EXCERPTED RECORDS: Begin
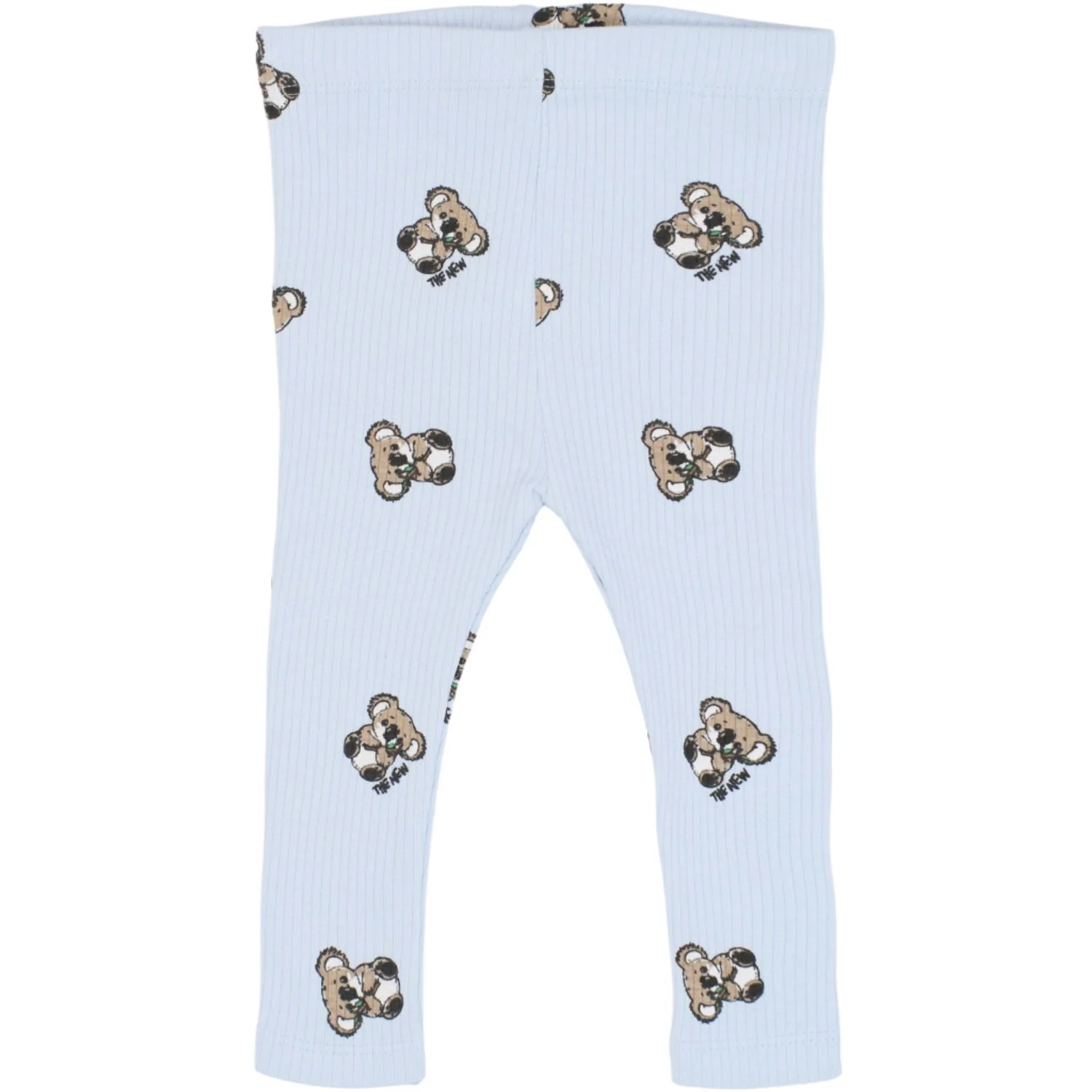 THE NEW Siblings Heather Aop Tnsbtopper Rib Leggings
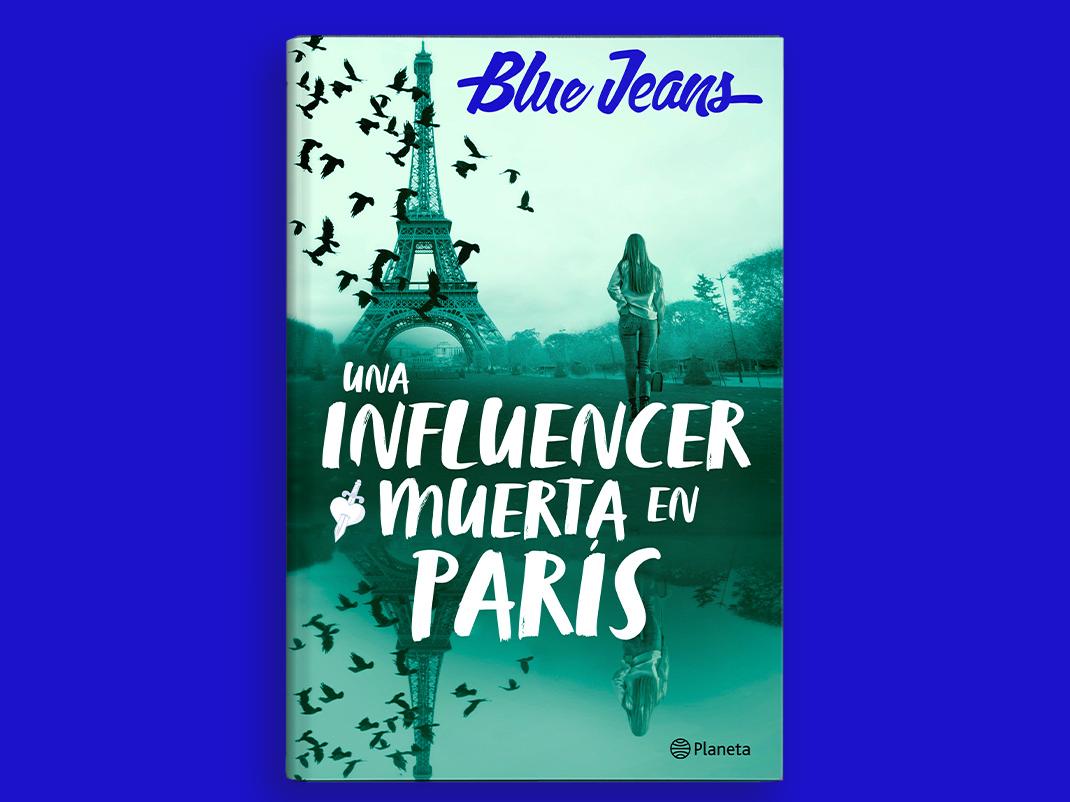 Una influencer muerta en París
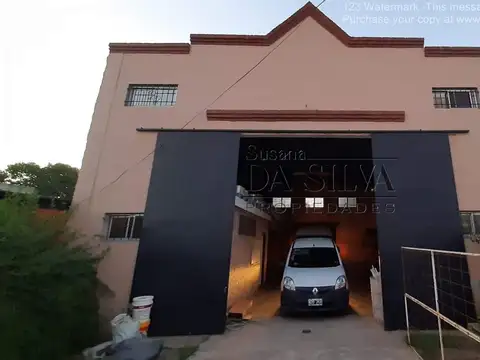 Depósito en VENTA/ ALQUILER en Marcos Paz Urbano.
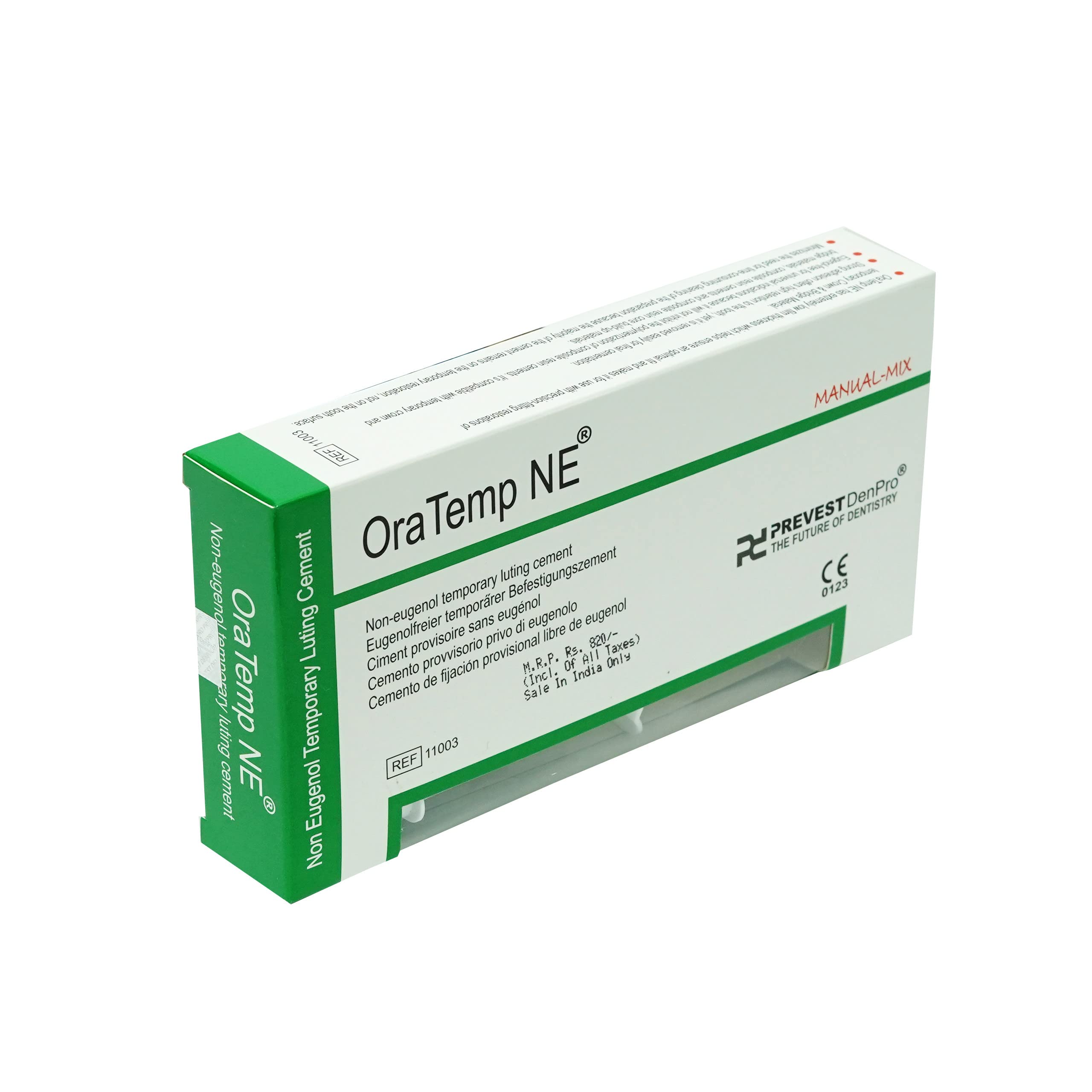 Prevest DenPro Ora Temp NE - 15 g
EXCERPTED RECORDS: End
EXCERPTED RECORDS: Begin
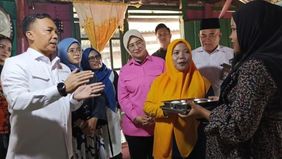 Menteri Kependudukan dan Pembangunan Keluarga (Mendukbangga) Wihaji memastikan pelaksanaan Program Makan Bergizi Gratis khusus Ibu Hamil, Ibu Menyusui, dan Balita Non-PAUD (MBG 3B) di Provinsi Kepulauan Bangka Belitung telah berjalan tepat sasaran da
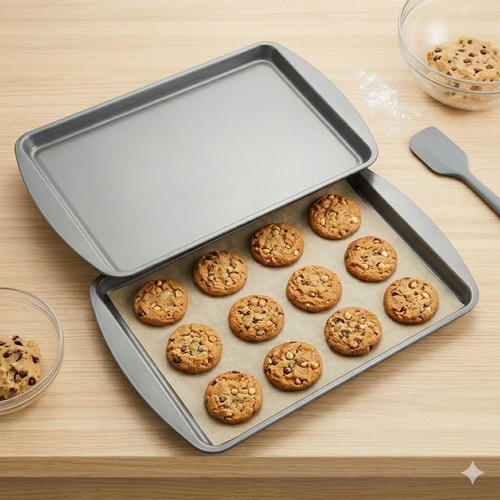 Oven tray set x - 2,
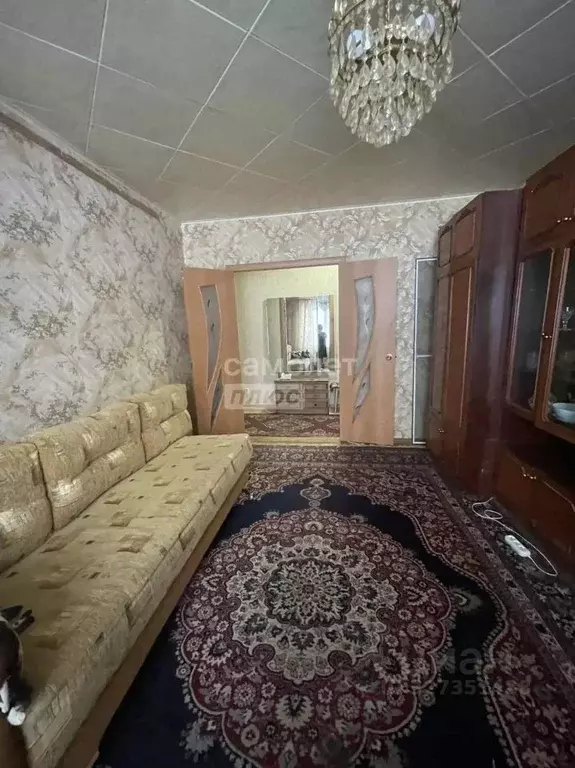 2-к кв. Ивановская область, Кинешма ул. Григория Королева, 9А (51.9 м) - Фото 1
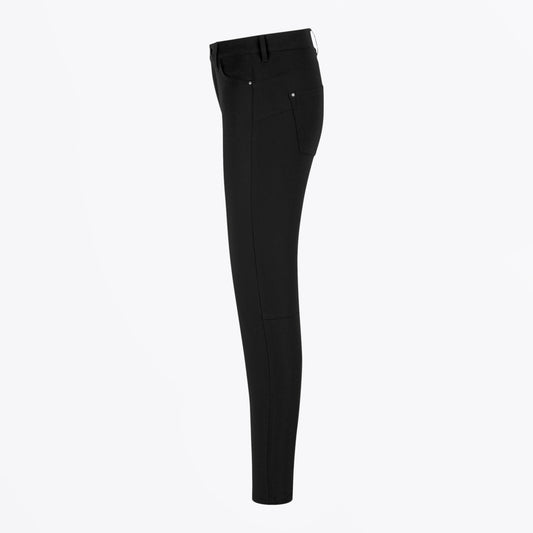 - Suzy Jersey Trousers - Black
EXCERPTED RECORDS: End
• **WHAT YOU ARE ASKED TO DO**
When you reach the line holding "2-к кв. Ивановская" in the listing above, begin retyping exactly, and stop once the line holding "- Suzy Jersey Trousers - Black" is done; pictures stay out.

• **TASK OUTPUT**
 2-к кв. Ивановская область, Кинешма ул. Григория Королева, 9А (51.9 м) - Фото 1
 - Suzy Jersey Trousers - Black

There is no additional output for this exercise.